Submitted by Will Bugler 14th March 2019 4:36
Unpacking transformation: A framework and insights from adaptation mainstreaming

 Conceptual framework for transformational adaptation (figure 1, page 9 of the report).

Introduction

The increasing scale and severity of the impacts of climate change pose a fundamental challenge to development and economic growth. The scale and urgency of action required to limit global warming and help systems rapidly adapt to the impacts of climate change have led to a growing discourse on the need for transformational changes within social, human, physical, financial and political systems. However, while there is consensus among academics and practitioners on the need to radically alter systems, there is little agreement on what constitutes transformation and how to support and measure it.

This paper* contributes to improving understanding of how funders, practitioners and other stakeholders can support and facilitate transformation in adaptation to climate change. It uses the latest academic literature, as well as learning from practice, to put forward a conceptual framework for determining the likelihood of an adaptation initiative delivering transformation. 

*Download the full paper from the right-hand column.

Unpacking transformation

 The conceptual framework suggested by this paper unpacks the term ‘transformation’ into three components:

  1. Enabling environment factors: These are the factors that should be in place to be able to achieve meaningful, lasting and fundamental change. They include political will and the policy environment, evidence and information, and awareness and capacity
  2. Transformational domains: These constitute areas within which transformational change takes place. They include public policy and governance, innovation, and social and behaviour change.
  3. Characteristics: These are indicators of transformation and therefore should be features of initiative aiming to support transformation. They include catalytic, scale, sustainable, inclusive, and systemic indicators. 

Case studies

The paper then applies the framework to examples of adaptation interventions being delivered as part of the Action on Climate Today (ACT) programme. ACT, a Department for International Development-funded initiative, supports 11 national and sub-national governments in South Asia to mainstream climate change adaptation into plans, policies and interventions. The paper presents a number of case studies from ACT that explore how the intervention is attempting to support transformation, and the signs that transformation is likely.
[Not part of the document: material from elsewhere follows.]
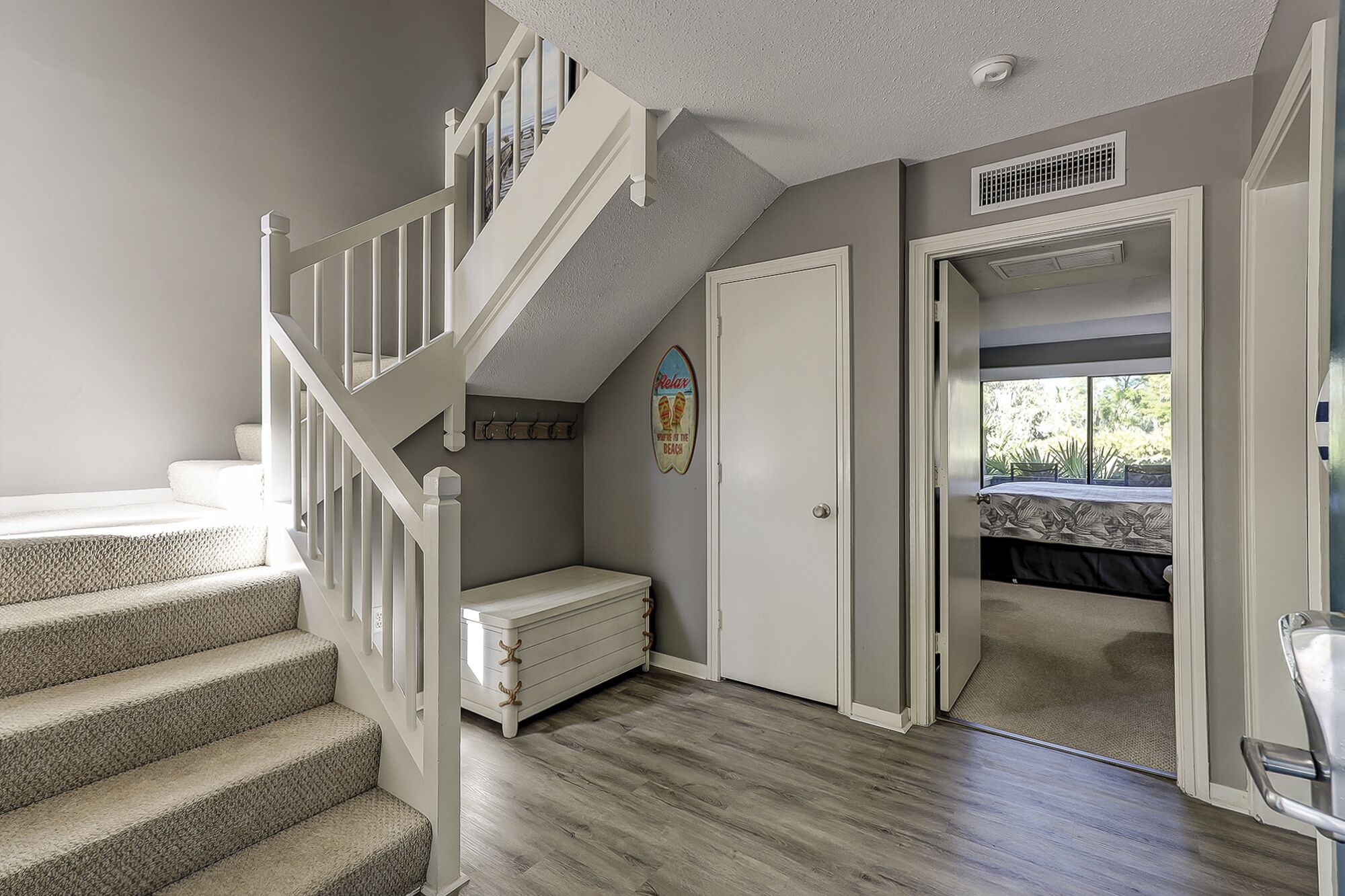 A staircase leading to a loft bedroom with a view of the outdoors.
These case studies use a theory of change approach to present evidence to assess how likely an intervention is to deliver transformation. 
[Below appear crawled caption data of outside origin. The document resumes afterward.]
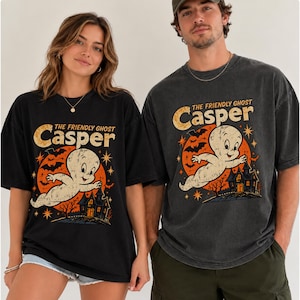 May include: A black short-sleeve t-shirt featuring a graphic print of the cartoon character Casper the Friendly Ghost flying above a haunted house. The design includes a large orange moon, bats, and stars, with the text The Friendly Ghost Casper.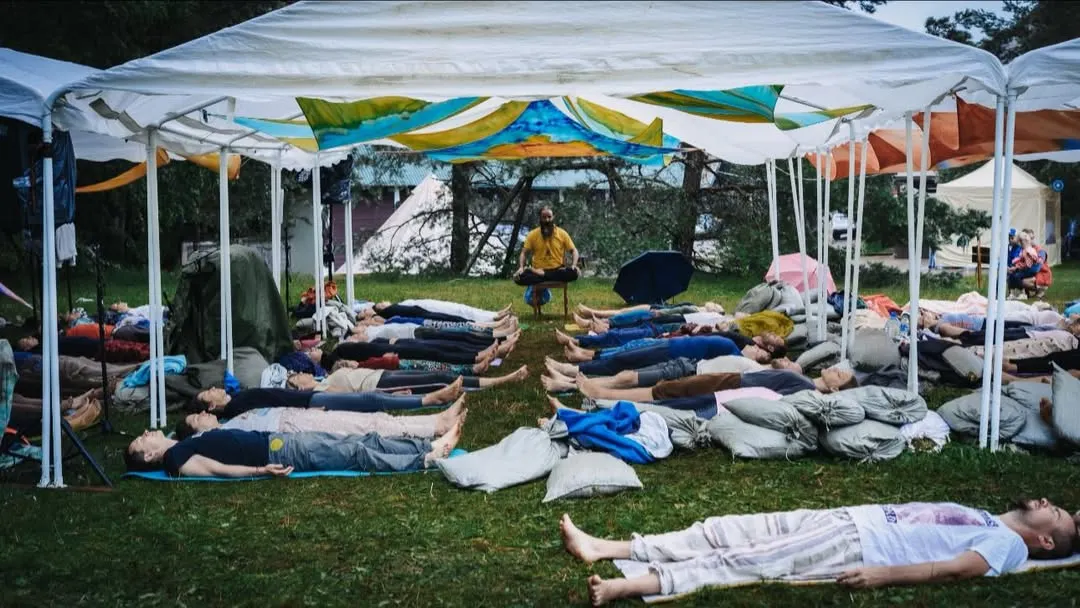 Here you see a Group Sound Bath, where participants lie down and let the healing sounds of singing bowls and gongs wash over them. In these sessions, we create a shared space of tranquility, allowing the collective energy to deepen the meditative and healing experience for everyone involved.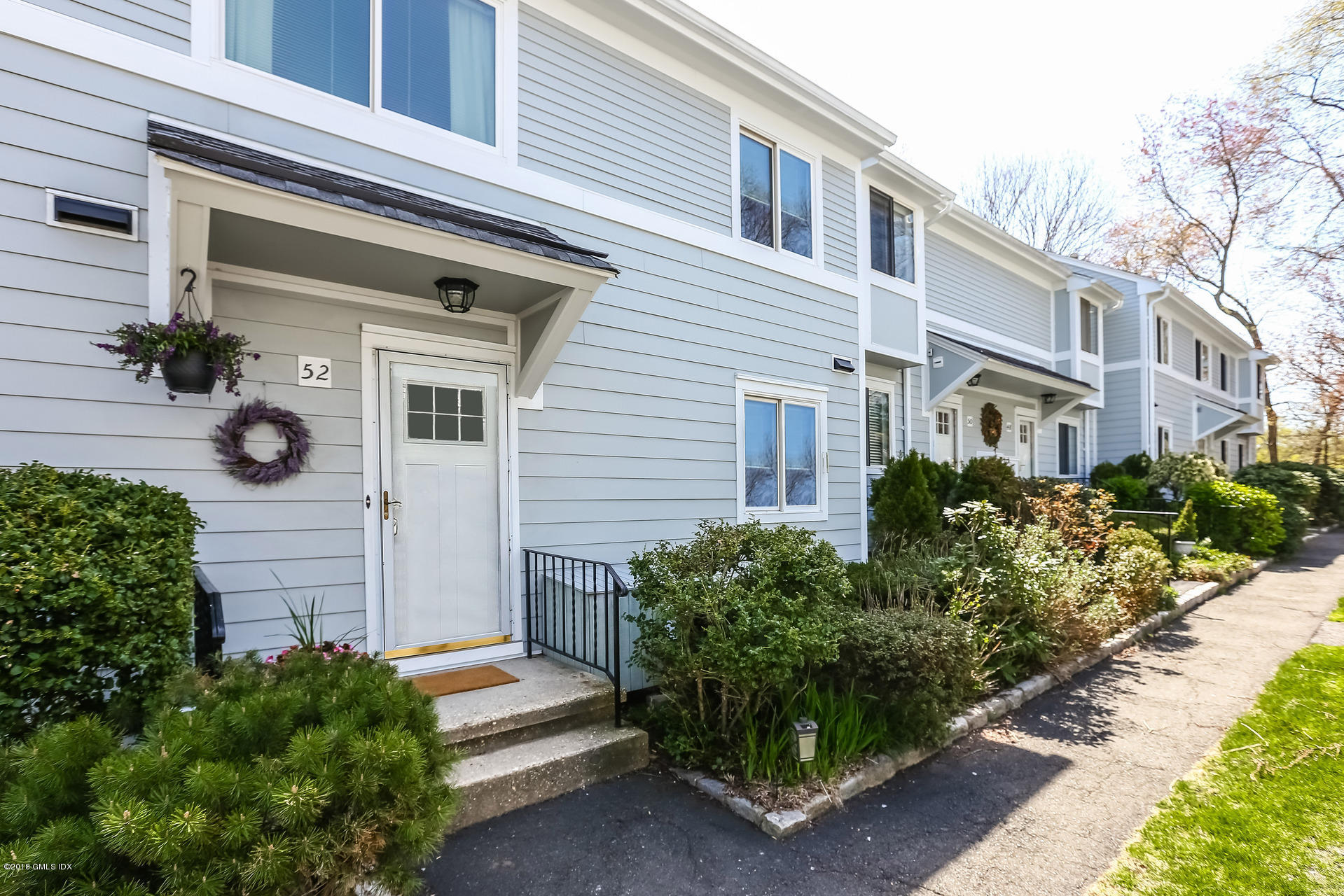 52 Stirrup Lane, Unit 52 Riverside, CT 06878 - Photo 3 of 30 a front view of a house with a garden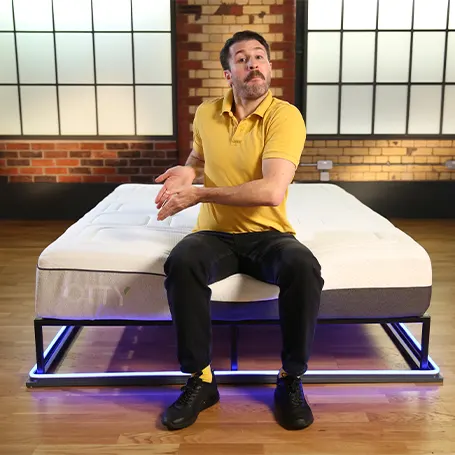 An image of a TSA reviewer sitting on the OTTY Pure Hybrid Bamboo & Charcoal Premium Mattress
Table 1 (below) exemplifies some of these case study applications of transformational adaptation compared to conventional approaches:

Lessons Learnt

  • Characteristics of transformation should guide programme design as well as implementation.
  • Prioritising transformation within one domain of activity may entail trade-offs and limit the ability to transform within another.
  • Transformation should be firmly rooted in a shared understanding of what is being transformed, what results need to be achieved and who will stand to benefit.
  • Adaptive management is essential for programmes designed to deliver transformation.
  • Aiming for transformation may not always be feasible or desirable, and the rationale behind it is dependent on various factors, such as context, time, resources, scope and demand.
  • Building an enabling environment is essential to trigger transformation, as the changes it aims for are radical and often disruptive.
  • Theory-based monitoring and evaluation (M&E) offers a flexible approach to analysing the likelihood of an initiative to deliver transformation.
    • This said, more robust M&E mechanisms, such as post-end line evaluations, will support the consolidation of more rigorous evidence on transformation.

Recommendations

The paper concludes by presenting a set of actions that will help pave the way for the community of practice working towards delivering transformation in the context of climate change adaptation:

  • Mainstream discussions on transformation and move towards agreed understandings of enabling transformation;
  • Create an enabling environment for transformation through a strong contextual analysis of the political economy and the institutional dynamics that underpin the systems targeted for change;
  • Build a stronger evidence for programme components and features that deliver transformational change;
  • Tailor M&E systems to the complex challenges of systemic change;
  • Develop a set of multiple and contextual yet cohesive analytical frameworks for adding rigour to conceptualisations of transformation;
  • Keep the concept of transformation front and centre at the stage of designing and conceptualising initiatives;
  • Diffuse the concept of transformation among donors and programme managers by emphasising that it supports durable, comprehensive, catalytic, inclusive development at scale.